GIVEN DATA -
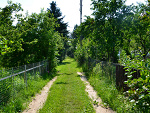Fotoblog korpaal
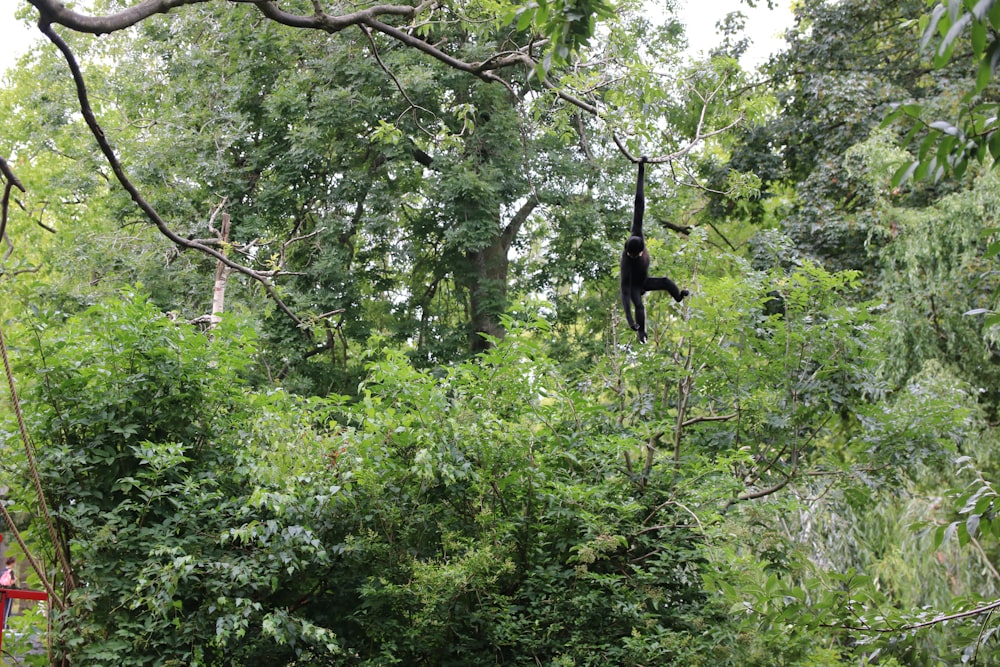 black bird flying over green trees during daytime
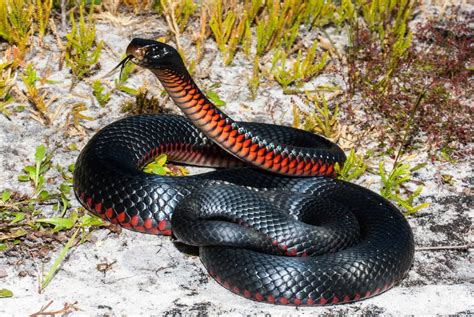 15 Astonishing Facts About Red-bellied Black Snake - Facts.net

ASSIGNED TASK - Write out exactly the lines beginning with the line that holds "black bird flying" and ending with the final line of the data, both ends included, without the pictures.

EXPECTED ANSWER -
 black bird flying over green trees during daytime
 15 Astonishing Facts About Red-bellied Black Snake - Facts.net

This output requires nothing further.